Syrians gather at a site of car bomb in the northwestern Syrian city of Idlib on August 2, 2018. Idlib is the last of four "de-escalation" zones agreed by world powers in 2017 where the rebels still have a major presence. Strategically important Idlib province shares a border with rebel-backer Turkey and is adjacent to Latakia, a regime stronghold on the Mediterranean. / AFP PHOTO / OMAR HAJ KADOUR

Sept 10: Syria’s new offensive, Chinese mega loans, and Trump’s White House woes

North America

  • The first confirmation hearing for Trump’s supreme court judge nominee Brett Kavanaugh was met with heavy protests by public and lawmakers alike. A total of 61 people were removed and arrested. If successful, Kavanaugh’s nomination will lead to a Republican majority in the supreme court, and critics fear that Trump could be pardoned from criminal proceedings.
  • An anonymous op-ed – claimed to be written by a key White House staffer – has appeared in the New York Times. The article alludes to a mutiny within the White House and claims that key members of the President’s staff are actively engaged in subverting Trump’s presidency.
  • US wage growth hits nine-year high. While employment rates and job creation have stabilised since the global recession of 2008/09, wage growth has remained stubbornly stagnate. The positive news is likely to prompt an increase in US interest rates, with the Federal Reserve having done so twice earlier this year.
  • Former Trump campaign adviser George Papadopoulos has been sentenced to 14 days imprisonment for lying to FBI in Russia investigations.

South America

  • Venezuelan vice president Delcy Rodríguez has claimed that the country’s migration figures are normal, saying that figures had been inflated by “enemy countries” trying to justify a military intervention. Venezuela has seen mass migration in recent years, following steep inflation and economic woes.
  • Eleven South American countries have relaxed passport rules to allow for the passage of Venezuelan migrants whose passports have expired.
  • Half of Argentina’s ministries are set to be abolished, as president Macri announced plans to curb spending in light of the country’s economic woes.
  • Brazil presidential front runner Jair Bolsonaro was reported to have lost 40% of his blood after being stabbed at a rally last week. The far-right candidate, nicknamed the ‘Brazilian Trump’, has gained popularity amongst evangelical Christians for his anti-abortion and pro-gun views.

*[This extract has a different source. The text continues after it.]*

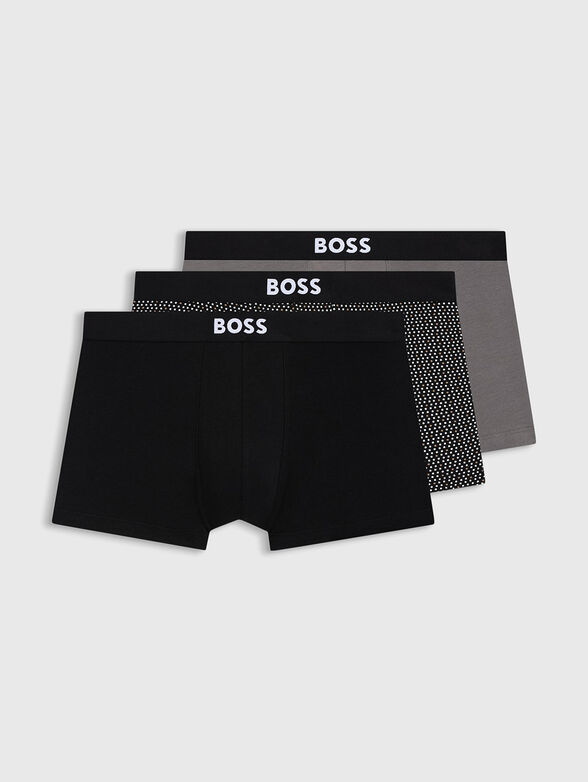 Three-pack of stretch-cotton trunks with logos - 1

  • RCEP hopefully concluded in November at ASEAN summit, says Singapore’s trade minister Chan Chun Sing after last week’s Asean Economic Ministers’ Meeting.
  • India legalises gay sex after landmark ruling saw the abolishment of colonial law 377A.


  • UK former foreign secretary Boris Johnson has attacked Theresa May’s Brexit plan, saying she had “wrapped a suicide vest” around the British constitution and “handed the detonator” to Brussels. Tories have been quick to criticise Johnson’s comments as harmful to the nation.
  • Fresh protests erupted across Russia on Sunday over pension reforms, despite Putin making concessions just days earlier in the wake of falling popularity. The reforms will see the retirement age for men increased from 60 to 65 and from 55 to 60 for women. Putin softened the initial plan to raise women’s retirement age to 63.

Middle East

  • US and Turkey issue warnings against Idlib offensive in Syria, but Iran and Russia rejected a truce deal in a meeting on Friday, There are fears that an all-out offensive could include use of chemical weapons and trigger another refugee crisis, with experts estimating that a further 800,000 people could be displaced. Activists reported on Saturday that the area witnessed the “fiercest air raid in weeks”, with four civilians among the casualties. The northern province remains the final stronghold for rebels and jihadists in Syria, and is one of Bashar al-Assad’s final hurdles to ending the civil war that has plagued the country since the Arab Spring of 2011.
  • Iraq government buildings torched in new unrest. Protesters have attacked government and other key buildings in the southern Iraqi city of Basra as thousands again took to the streets, angry over corruption and the lack of services.
  • Egypt has delivered verdicts for more than 700 people over a pro-Muslim Brotherhood sit-in after President Mohammed Morsi was ousted in 2013. The court confirmed that 75 people were handed death sentences, while another 47 were given life sentences.
Syrians chant slogans and wave flags of the opposition and of Turkey as they protest against the regime and its ally Russia, in the rebel-held town of Atareb in the western countryside of Aleppo province in northern Syria, on August 31, 2018. (Photo by: Aaref Watad)


  • Chinese president Xi Jinping announced at the opening of the China-Africa summit a $60bn no-string-attached funding for Africa. Critics have warned that Africa is facing a mounting debt problem with China, which African leaders deny.
  • President Xi also denounced claims that funding has been channeled into vanity projects. He insisted that money has been spent on much needed infrastructure in Africa.
  • South Africa’s economy has fallen into recession for the first time since 2009 following consecutive quarters of negative GDP growth. Unemployment rate is also at a high of 30%.